— TASK DIRECTIONS —
Make an exact copy, from the records below, of the lines from the line containing "Başbakan Ahmet Davutoğlu soruları cevapladı" to the line containing "Cadillac XT5 — миниатюра 2", both lines included, excluding pictures.

— DATA FOR THIS EXERCISE —
:::::
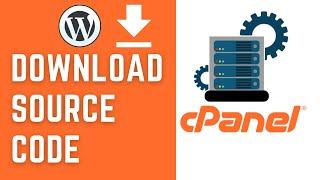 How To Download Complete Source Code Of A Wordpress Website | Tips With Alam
:::::
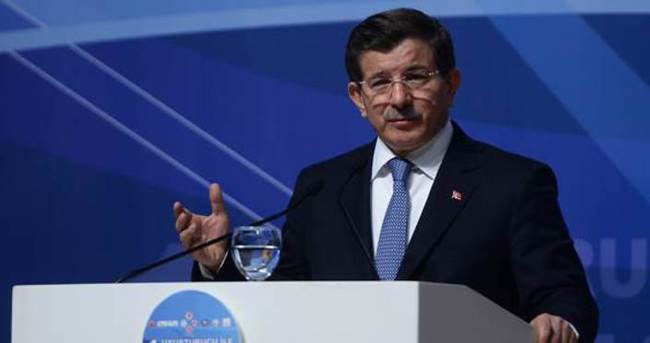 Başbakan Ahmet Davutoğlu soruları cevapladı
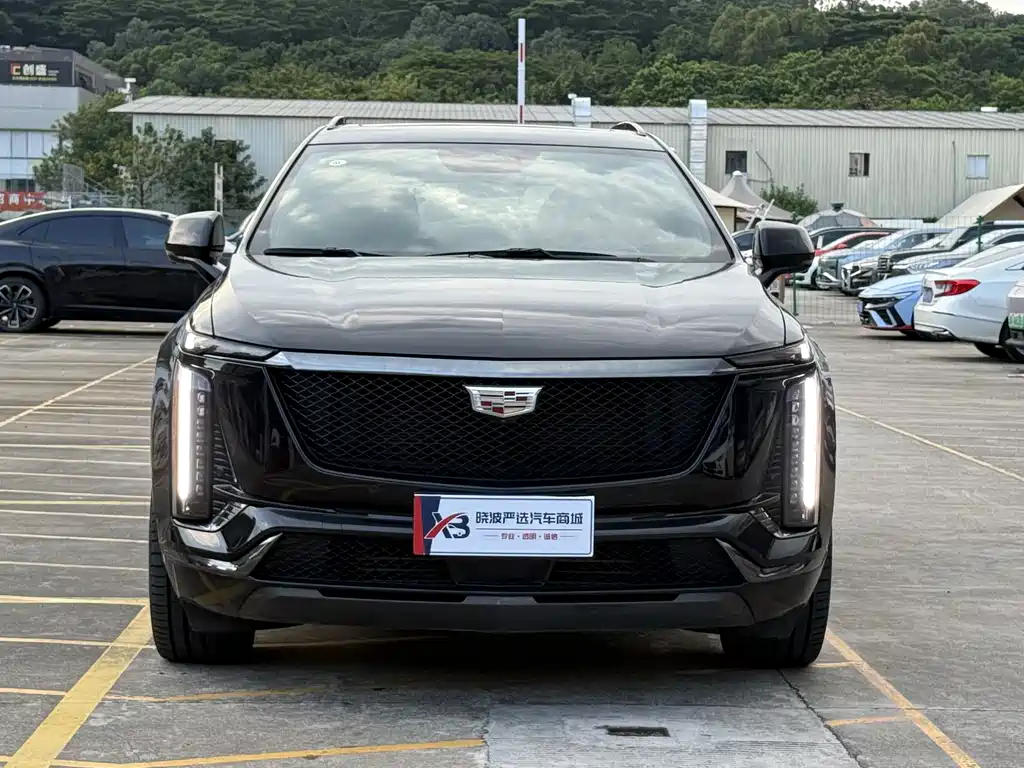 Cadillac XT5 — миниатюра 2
:::::
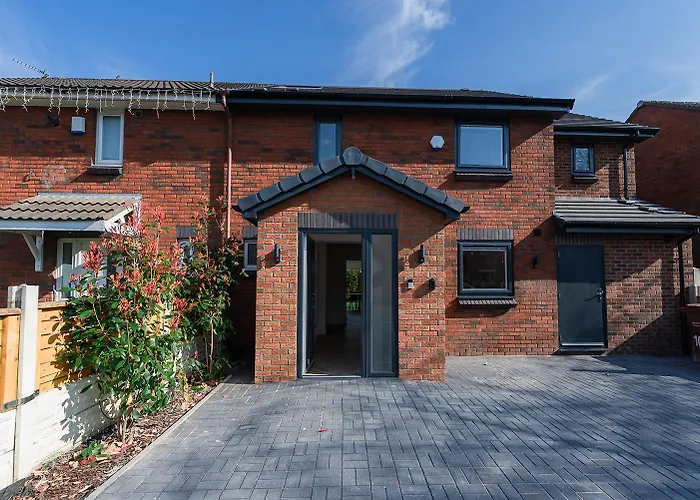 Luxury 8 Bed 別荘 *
:::::
— RESPONSE AREA —
 Başbakan Ahmet Davutoğlu soruları cevapladı
 Cadillac XT5 — миниатюра 2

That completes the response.